I showed tons of property over the weekend. Here are some shots for my Nearly Wordless Wednesday.
Tempe on Friday:
A fabulous kitchen in a strange Tempe neighborhood. The houses were newish (2006) and highly upgraded in a Tuscan kind of way, but close together and to the street.
Trees out the tiny window in the Tuscan house.
Chandler on Saturday:
This pool was so gross my buyer said even if it was drained and cleaned she didn't think she could ever swim in it. We wondered if there was a dead body at the bottom.
There were totally fish in it.
This house was really nicely repainted and recarpeted. It felt totally move-in ready. This doormat stain stood out as the last vestige of the previous owners
Seeing a half-filled pool makes me nervous. The people who know pools say in Arizona if a pool is left empty for more than a day or so it will need to be resurfaced because it will be irreparably damaged by the sun.
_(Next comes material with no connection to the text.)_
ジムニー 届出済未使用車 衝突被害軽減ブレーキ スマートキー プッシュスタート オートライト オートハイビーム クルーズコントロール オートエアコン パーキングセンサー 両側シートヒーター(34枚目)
North Scottsdale on Sunday:
DC Ranch is gorgeous. Especially from mountain-facing patios.
I loves me a margarita bar! (Any pool with swim up seating is a 'margarita bar', FYI.) If you buy a house like this with me as your agent, you can expect me to randomly show up at your house with my swimsuit and a pitcher of margaritas from time to time.
Whoever owned this large, pricey house before the bank foreclosed on it may have had some artistic talent, but absolutely no taste. There was a lot of effort put into making that drywall column look like stone. A lot of wasted effort.
Oh, and look! An actual wooden garden gate over a faux finish garden. Weirdos.
Please, please, no more. I'm allergic to tacky and I'm starting to get a rash.
And finally, Fountain Hills on Monday:
Not a bad view for a $230K townhouse in Fountain Hills, huh?
I had to touch these flowers because I thought they might be fake. They weren't. Love them.
This tree made me feel like I was somewhere with actual seasons.
I love a nice clear shot of Four Peaks. Of course from this back yard you'd need a hightop table almost in the pool to enjoy it.
Water run-off for montaintop living.
I'm not sure if he slept last night, or snuck out into the desert, diguised himself as a tiny saguaro and allowed birds to build a nest on his head. Both are equally plausible.
What? What are you staring at? Is there something on my head? Why are you laughing?